The first four book are all that are currently published - The Broken Crown, The Uncrowned King, The Shining Court, and The Sea of Sorrows . This series is a companion series to an earlier duology which consists of Hunter’s Oath and Hunter’s Death. It is not absolutely necessary to read the Hunter stories in order to appreciate the Sun Sword, but it adds depth of history to the settings, the plots, and several of the major characters in Sun Sword. West makes frequent use of the ‘in the story synopsis’ (i.e. characters remembrances) to keep one up to date and fill in any gaps, but many of her references to the earlier books are obscure in order to prevent spoilers for those who have not read the Hunter books.

The setting of the series encompasses two major kingdoms – The Dominion of Annagar and the Essalieyan Empire. These opposing states have warred in the past and may war again. One of the most interesting aspects of the books is the vast difference in the cultures of the Dominion and the Empire. The Dominion (the southern, mostly desert kingdom) is in many ways similar to our Eastern cultures and the Empire (the northern, more fertile and with a seaside capital) is far more Western.

Admittedly, this series gets off to a slow start if one is a lover of action in fantasy. The first book takes place almost entirely in the Dominion of Annagar, where emotions are highly controlled, grace and refinement are paramount, and men dominate with open displays of power, while women are kept as either outright or virtual slaves. The main character of this book is the exquisitely beautiful Diora di Marano. As all other women of any ‘power’ in her culture, she must use quiet manipulation and intelligence to control her fate in any of the few ways available to her. Because of the sedate, controlled culture, and the importance of beauty in the Dominion, this book moves at the slowest pace of any of the four. It builds the basis of a magnificent and intricate plot, however.

The second book concentrates more on the northern Empire. It includes more intrigue, fast and furious combat scenes, and the introduction of some wonderful new characters, as well as the deepening of many existing characters (including one of my all time favorite fantasy characters – Jewel Markess).

Books three and four have settings in both kingdoms as the characters from each work together more and more to fight a common enemy.

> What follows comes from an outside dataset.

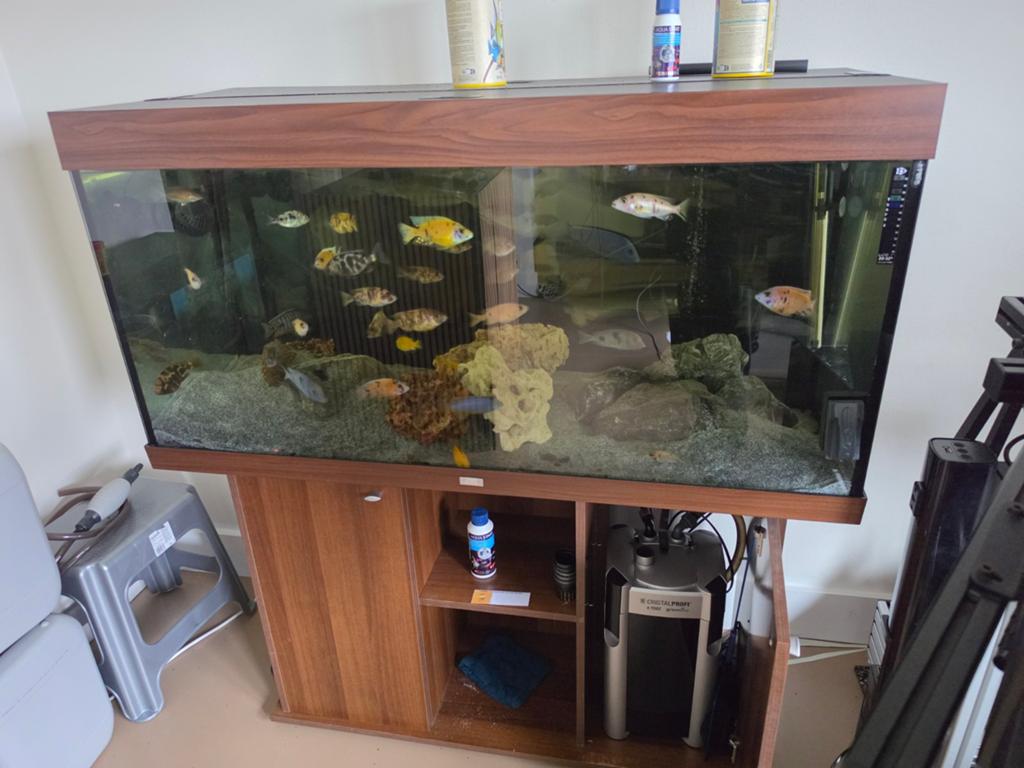 Juwel 350l aqurium te koop (zonder vissen), Animaux & Accessoires, Poissons | Aquariums & Accessoires, Filter, JBL, Enlèvement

The pace is more varied in these two and the characters and plot gain in complexity and depth with each book.

The writing is solid, the characters very well drawn as the story progresses, and the plot ever more involved. Book four has been the most satisfying for me in that it is very similar to the fourth book of The Wheel of Time , with issues of historical importance coming clear and aiding one in envisioning some outcomes. Some plots are resolved in each volume, but the long-term plot continues to evolve.

What really stands out for me in these books are the strong female characters. They have a variety of personalities and strengths and weaknesses, yet women of both cultures are heroic, intelligent, cunning, nurturing, and powerful in their own ways. West is able to write incredibly touching emotional scenes for both her male and female characters in counterpoint to stunning action scenes.

I would give this series 4 out of 5 amulets, thus far.